(What needs to be done)
Repeat the following entries verbatim, apart from the pictures.

Data excerpts below:

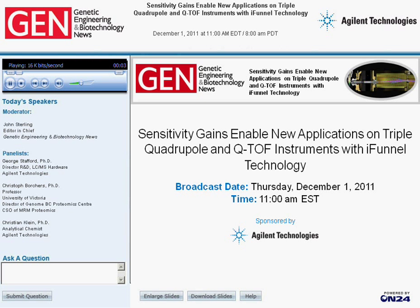Hello everyone, and welcome to this Genetic Engineering and Biotechnology News webinar. It's entitled 'Sensitivity Gains Enabled New Applications on Triple Quadrupole and QTOF Instruments with iFunnel Technology.'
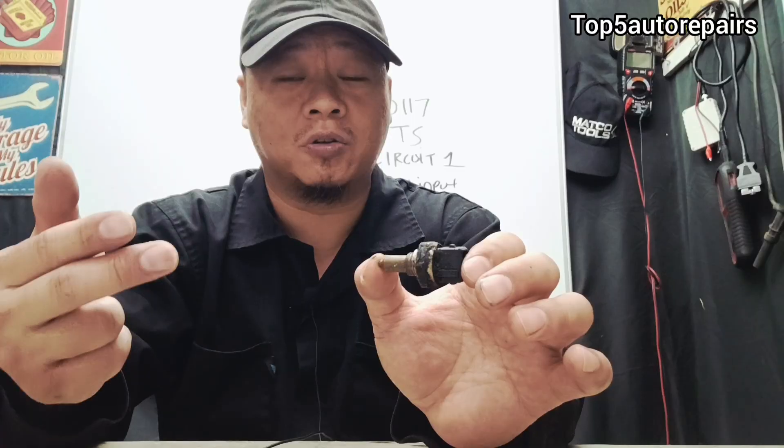When you're getting P0117, there are a few symptoms you might experience. Number one is poor gas mileage. Number two is the check engine light is going to turn on and you might get multiple coolant temperature sensor codes. Number three is you might notice a hard start and possibly no start.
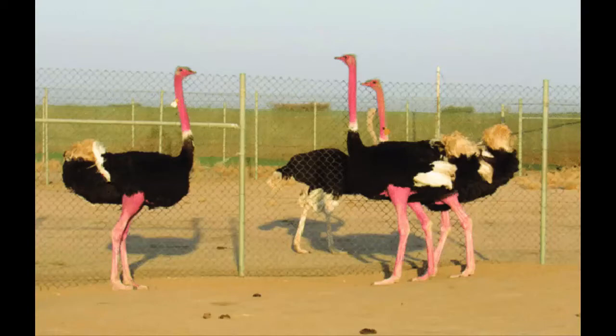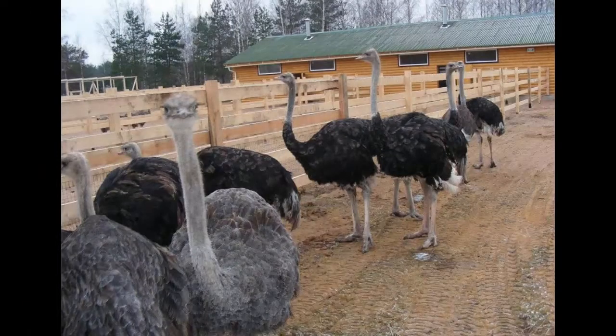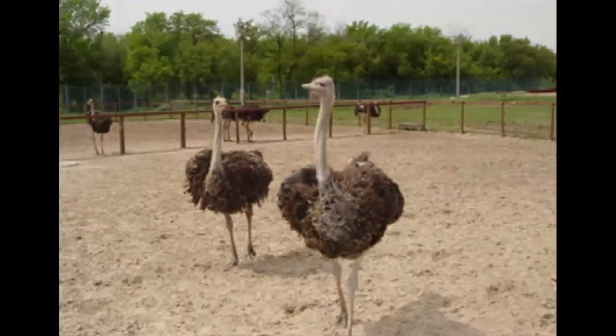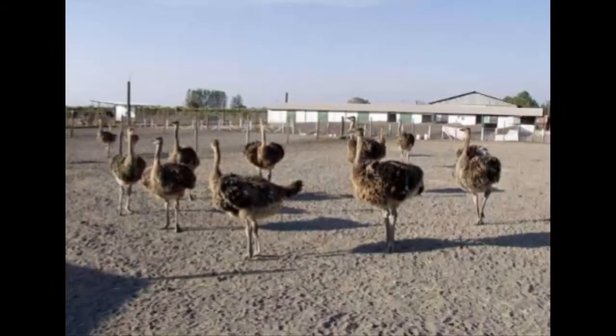A good fence will help the birds to stay inside and prevent them from escaping the farm area. The good fencing system will also help keep your farm free from predators and harmful animals, and will also prevent the entry of unwanted people inside your farm. Wire net is a good fencing option.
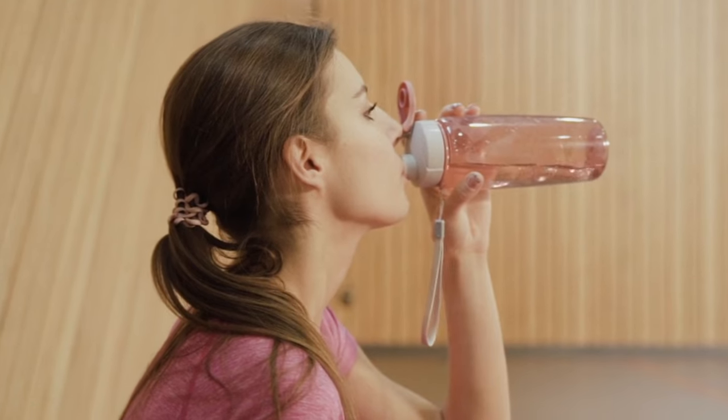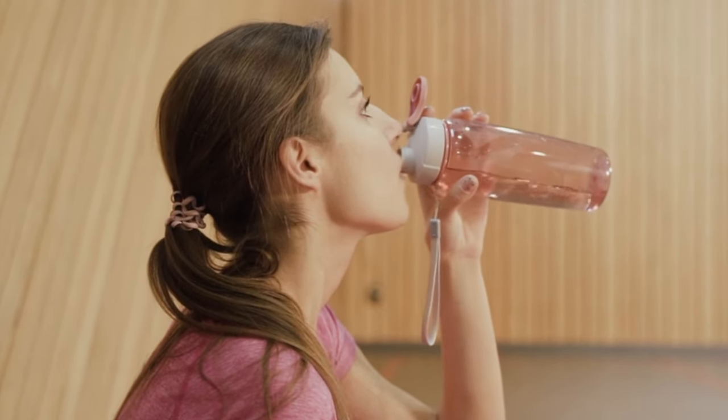Staying really well hydrated is also important to having a good milk supply, so adding an electrolyte beverage once a day can be really helpful — like coconut water or Body Armor — but again, it's not going to magically give you an oversupply if you don't already have one.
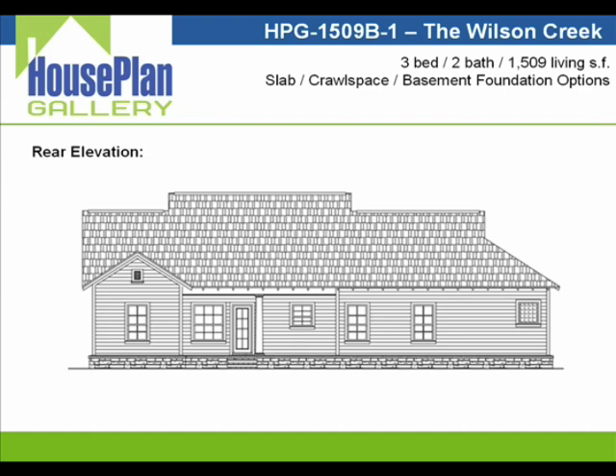As we look at the rear of the house, this has been drawn in a craftsman architectural style, but keep in mind that we can modify this for you to fit any personal preferences or neighborhood covenants you might have about exterior materials, architectural details, etc.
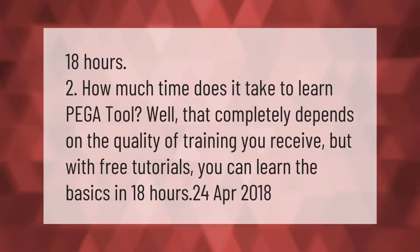How much time does it take to learn the PEGA tool? Well, that completely depends on the quality of training you receive, but with free tutorials you can learn the basics in 18 hours.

End of Data excerpts.

(Solution to this task)
Hello everyone, and welcome to this Genetic Engineering and Biotechnology News webinar. It's entitled 'Sensitivity Gains Enabled New Applications on Triple Quadrupole and QTOF Instruments with iFunnel Technology.'
When you're getting P0117, there are a few symptoms you might experience. Number one is poor gas mileage. Number two is the check engine light is going to turn on and you might get multiple coolant temperature sensor codes. Number three is you might notice a hard start and possibly no start.
A good fence will help the birds to stay inside and prevent them from escaping the farm area. The good fencing system will also help keep your farm free from predators and harmful animals, and will also prevent the entry of unwanted people inside your farm. Wire net is a good fencing option.
Staying really well hydrated is also important to having a good milk supply, so adding an electrolyte beverage once a day can be really helpful — like coconut water or Body Armor — but again, it's not going to magically give you an oversupply if you don't already have one.
As we look at the rear of the house, this has been drawn in a craftsman architectural style, but keep in mind that we can modify this for you to fit any personal preferences or neighborhood covenants you might have about exterior materials, architectural details, etc.
How much time does it take to learn the PEGA tool? Well, that completely depends on the quality of training you receive, but with free tutorials you can learn the basics in 18 hours.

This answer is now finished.